= Beginning of Section =

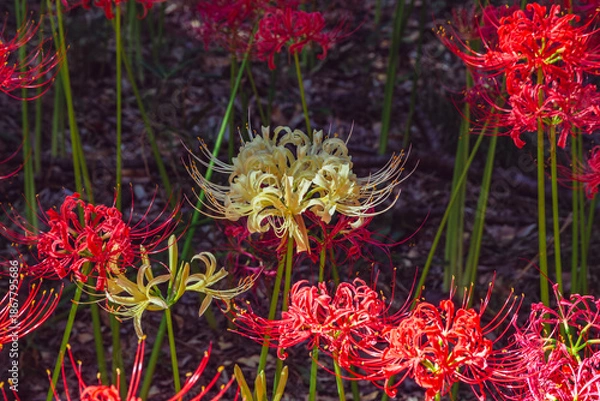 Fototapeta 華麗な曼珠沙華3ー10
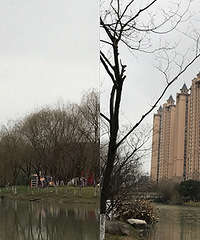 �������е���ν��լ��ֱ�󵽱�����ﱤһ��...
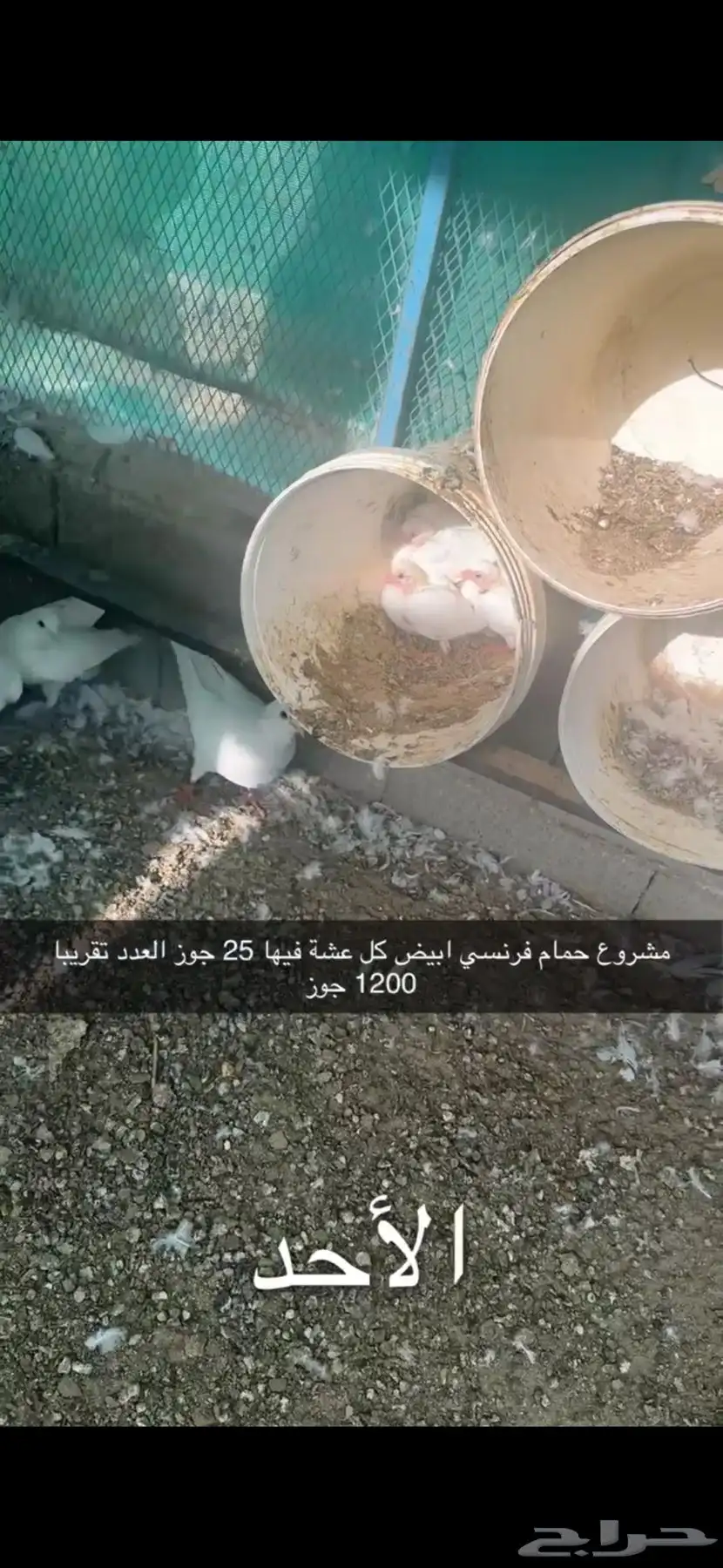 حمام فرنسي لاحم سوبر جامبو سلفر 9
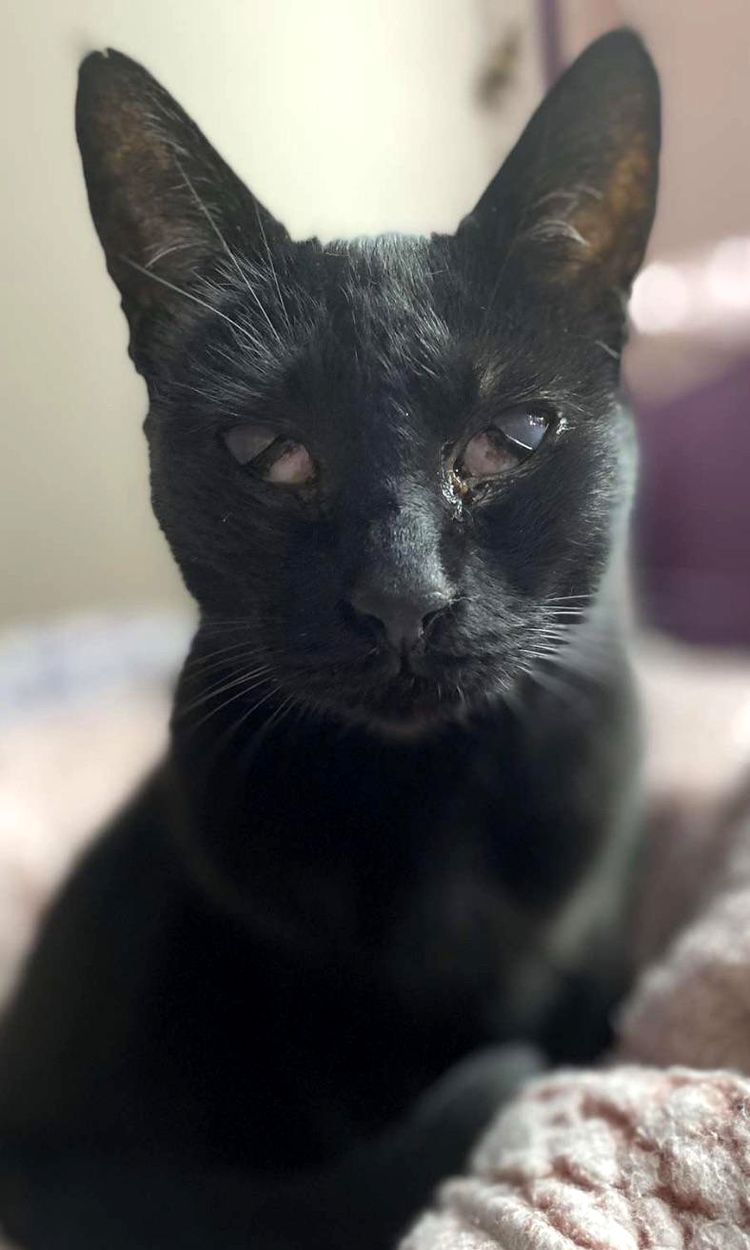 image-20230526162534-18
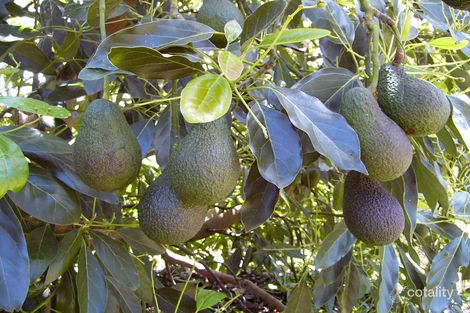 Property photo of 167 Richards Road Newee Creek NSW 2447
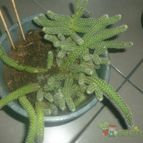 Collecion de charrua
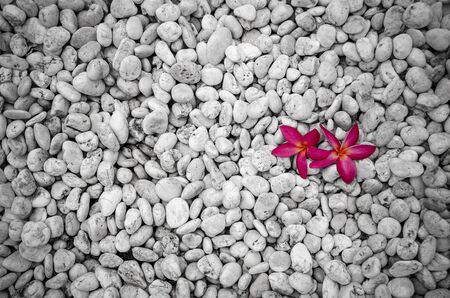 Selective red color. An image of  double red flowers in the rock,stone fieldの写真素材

= End of Section =
= Beginning of Section =

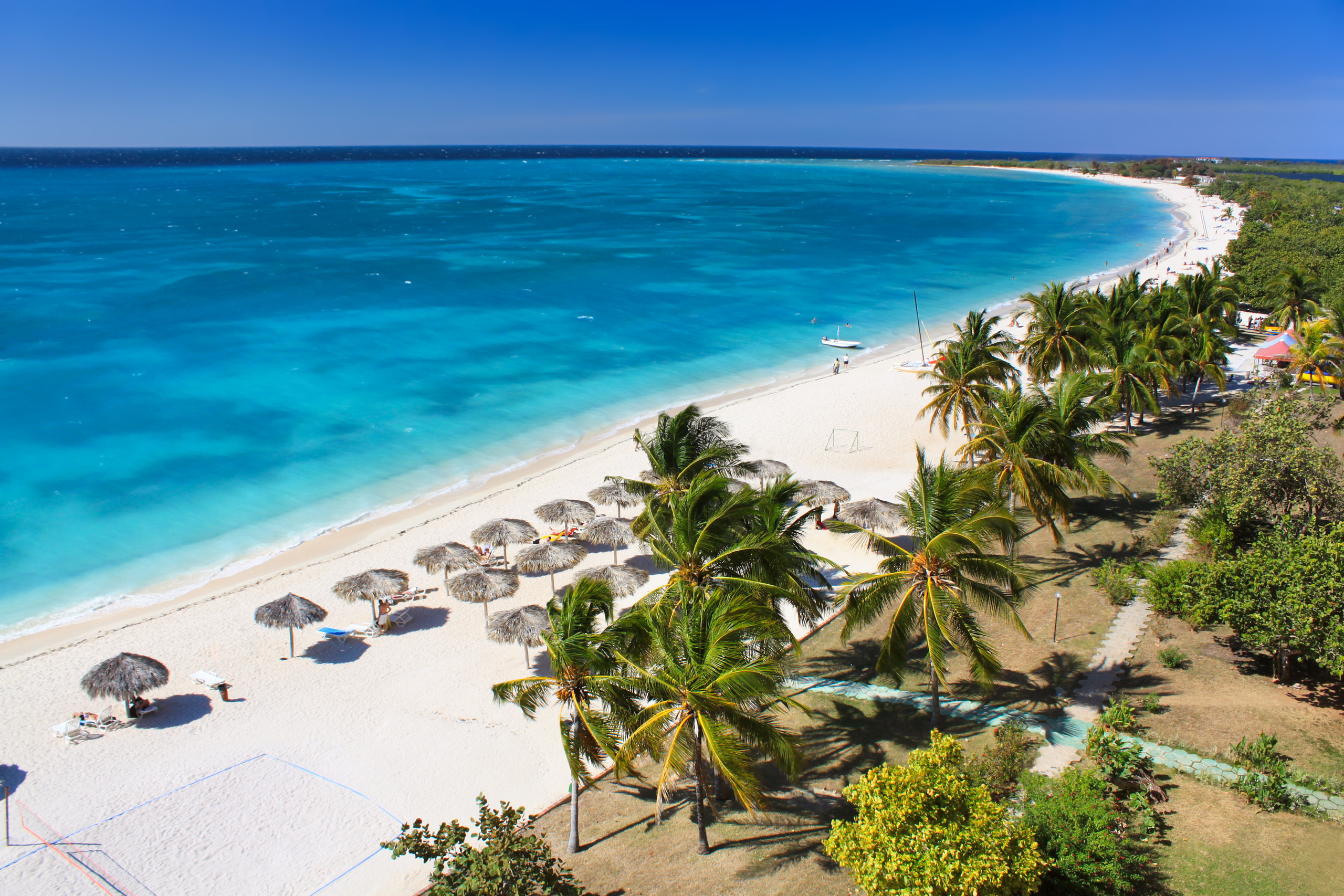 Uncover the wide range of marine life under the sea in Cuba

= End of Section =

**TASK**
Your answer should consist of the lines above between those holding "Fototapeta 華麗な曼珠沙華3ー10" and "Selective red color.", inclusive, reproduced word for word and without pictures.

**RESULT**
 Fototapeta 華麗な曼珠沙華3ー10
 �������е���ν��լ��ֱ�󵽱�����ﱤһ��...
 حمام فرنسي لاحم سوبر جامبو سلفر 9
 image-20230526162534-18
 Property photo of 167 Richards Road Newee Creek NSW 2447
 Collecion de charrua
 Selective red color. An image of  double red flowers in the rock,stone fieldの写真素材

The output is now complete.